Robert Hayes Jr., who chaired the ethics panel, said the town’s outdated ethics law at that time left town employees and the public “in a vacuum as to what is the right thing to do,” according to published reports.
In a recent interview, Hayes recalled the panel’s call to strengthen the ethics law was ignored. Chauvin was town attorney at the time.
In 2005, the city of Mechanicville unsuccessfully sued the town of Halfmoon trying to block the town from taking a 22-acre plot of city-owned land for a water distribution system. The city accused Chauvin of pushing the water project because of his interest in a housing subdivision near Route 146 that was later developed by Belmonte.
Kenneth DeCerce, who resigned as town supervisor in February 2007, said he confronted Chauvin about his land deals prior to taking office in 2000. DeCerce said he was unaware Chauvin was involved in any property transactions during his administration.

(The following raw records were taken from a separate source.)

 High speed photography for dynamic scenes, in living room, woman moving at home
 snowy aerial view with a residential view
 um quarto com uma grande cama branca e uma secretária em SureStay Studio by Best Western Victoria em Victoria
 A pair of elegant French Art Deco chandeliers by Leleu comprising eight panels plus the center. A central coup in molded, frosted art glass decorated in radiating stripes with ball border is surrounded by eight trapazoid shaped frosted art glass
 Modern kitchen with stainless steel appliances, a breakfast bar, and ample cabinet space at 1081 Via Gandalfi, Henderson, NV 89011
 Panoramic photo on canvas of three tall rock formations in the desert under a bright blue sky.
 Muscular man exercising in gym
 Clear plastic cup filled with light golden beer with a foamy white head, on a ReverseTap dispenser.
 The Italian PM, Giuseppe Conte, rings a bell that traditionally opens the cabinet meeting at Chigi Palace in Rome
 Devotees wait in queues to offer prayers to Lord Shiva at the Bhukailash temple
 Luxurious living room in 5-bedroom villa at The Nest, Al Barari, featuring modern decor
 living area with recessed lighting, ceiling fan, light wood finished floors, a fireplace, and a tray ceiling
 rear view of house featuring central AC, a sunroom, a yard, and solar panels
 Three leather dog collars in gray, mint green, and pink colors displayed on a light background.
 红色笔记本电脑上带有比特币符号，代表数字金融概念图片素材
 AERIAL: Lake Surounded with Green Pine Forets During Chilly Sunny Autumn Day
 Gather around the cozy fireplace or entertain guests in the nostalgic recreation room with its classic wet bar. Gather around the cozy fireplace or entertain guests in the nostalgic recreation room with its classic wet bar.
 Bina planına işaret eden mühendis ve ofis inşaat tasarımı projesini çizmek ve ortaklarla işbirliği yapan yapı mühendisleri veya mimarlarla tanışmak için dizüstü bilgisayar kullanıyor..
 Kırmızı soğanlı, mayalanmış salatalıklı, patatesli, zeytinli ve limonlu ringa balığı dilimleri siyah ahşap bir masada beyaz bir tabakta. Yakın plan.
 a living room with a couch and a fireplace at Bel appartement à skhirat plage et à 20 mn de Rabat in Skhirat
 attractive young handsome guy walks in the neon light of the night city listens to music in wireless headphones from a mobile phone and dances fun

“He and I had an agreement that he wasn’t going to be involved with purchasing any further properties and I believe he stuck to that agreement,” said DeCerce, whose family owned lands that were later sold to Chauvin for at least two subdivisions. “I don’t know that he never did anything illegal or wrong. … Bob Chauvin was an extremely important person in my administration; I made sure to ask him about everything that I wasn’t sure of but he kept me straight and that was very important to me.”
Mills said the arrangement to conceal Chauvin’s interests predated DeCerce and began in the 1990s when now-state Sen. Kathleen Marchione was town supervisor. Chauvin began buying large tracts of land in central Halfmoon that were later subdivided and sold to Belmonte. When DeCerce became supervisor, Mills said, Chauvin grew more concerned about keeping a low profile. One of his projects off Farm To Market Road included land that had once been owned by DeCerce’s father.
“He was very, very concerned that there was an appearance of impropriety with the supervisor having a potential interest and the town attorney having a potential interest in a major subdivision,” Mills testified during a 2009 deposition. “It was a significant problem for the town, and although Bob had not asked me if I wanted to be a part of the project up to that point, he now needed me to be there for that purpose.”
Like other deals, Mills said, Chauvin asked him to contribute 50 percent of the development costs “but I would only get 25 percent of any profit.”
Chauvin, whose son Matthew is a deputy town attorney in Halfmoon, left his jobs with the town and district attorney’s office in 2011 to become a judge. His top salary as a town attorney was in 2005 when state records show he was paid $79,890. His top salary as a part-time prosecutor was in 2010, when he was paid $58,102, the records show.